After questions from The Sun, city officials said they will conduct another disparity study of the entire program next year but are unsure whether that analysis will cover LGBTQ businesses. Any inclusion of these businesses in the set-aside program would not occur until such a study is done, a city spokesman said, to ensure that such preferences are in accordance with the law. In the meantime, businesses can register with the National LGBT Chamber of Commerce, he said.
That the city did not heed this requirement before Ms. Pugh signed the executive order is surprising. It’s not just that the requirement was much in the news recently, when Gov. Larry Hogan ordered such a study through executive order after pressure from the Legislative Black Caucus, which justifiably complained about the lack of diversity in the pool of businesses awarded licenses under the state’s medical marijuana program. It’s that City Solicitor Andre Davis was the federal judge who shut down Baltimore’s minority business enterprise program in 1999 for not being based on an adequate study. The city had been sued by Associated Utility Contractors of Maryland Inc., which contended contracts should be awarded on the basis of low bids and not race or gender. And then-City Councilwoman Pugh served as chair of the economic development and labor subcommittee and played an instrumental role in restructuring the program so that it passed constitutional muster. “The fact that we didn’t have enough records to prove the bill was necessary was probably a disappointment to all of us,” Ms. Pugh told The Sun at the time. Why would city officials think the standards were any different now?
Mayor Pugh has been a strong proponent of minority and women-owned businesses throughout her career, and she is a successful business owner herself, having run a small marketing and public relations firm for years. She is also part owner of a consignment shop in West Baltimore. Certainly she would not want to jeopardize a program that helped business owners like herself. Perhaps it was an oversight. Whatever the reason, the city needs a new disparity study that includes LGBTQ businesses as soon as possible, even if it means a delay in preferences for them.
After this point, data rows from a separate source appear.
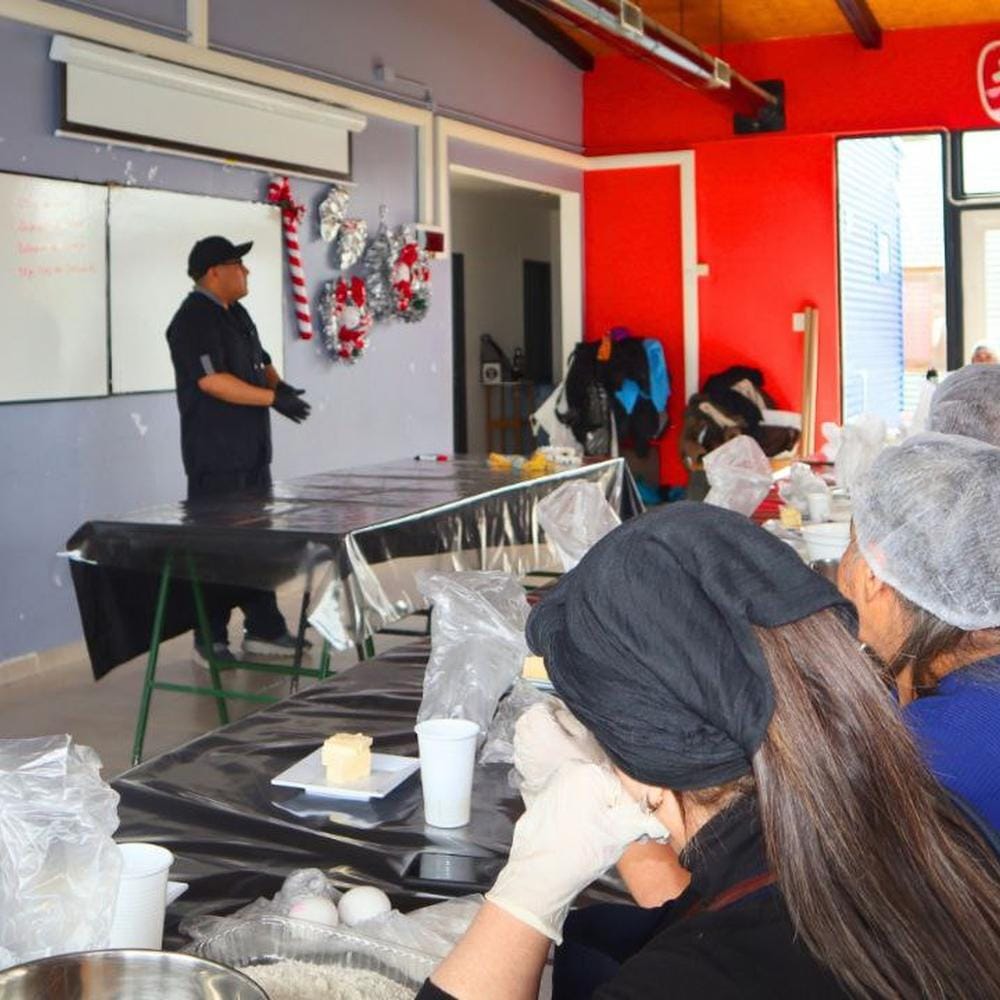 Ushuaia impulsa la solidaridad con jornada “Pan Dulce Solidario”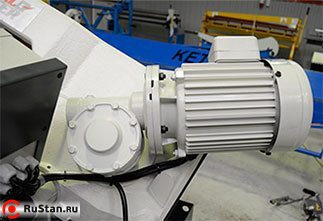 METAL MASTER BSG-220 - Мощный и надежный необслуживаемый мотор-редуктор мощностью 1.1 кВт фото №2 METAL MASTER BSG-220 - Мощный и надежный необслуживаемый мотор-редуктор мощностью 1.1 кВт фото №2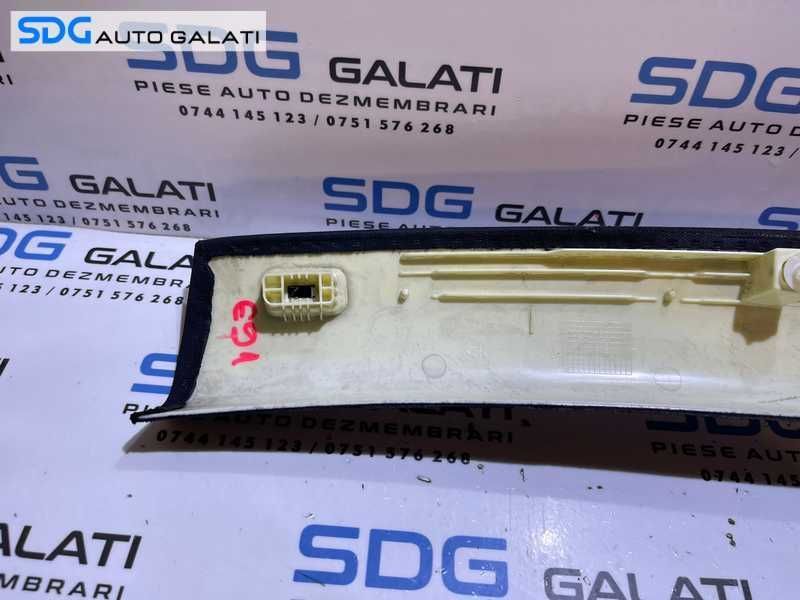 Plastic Capac Stalp Prag Dreapta Fata Parbriz BMW Seria 3 E90 E91 2004 - 2011 Cod 7058332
Without a disparity study, the program is in a vulnerable position that could put the city back where it was nearly 18 years ago — scrambling to prove the constitutionality of its law. Whether this lapse would put the whole program at risk or just the preferences for LGBT firms, it invites a legal challenge Baltimore doesn’t need. That would be a blow to a city that is majority black and where the last disparity study shows that Baltimore still isn’t doling out enough business to minority and women-owned firms.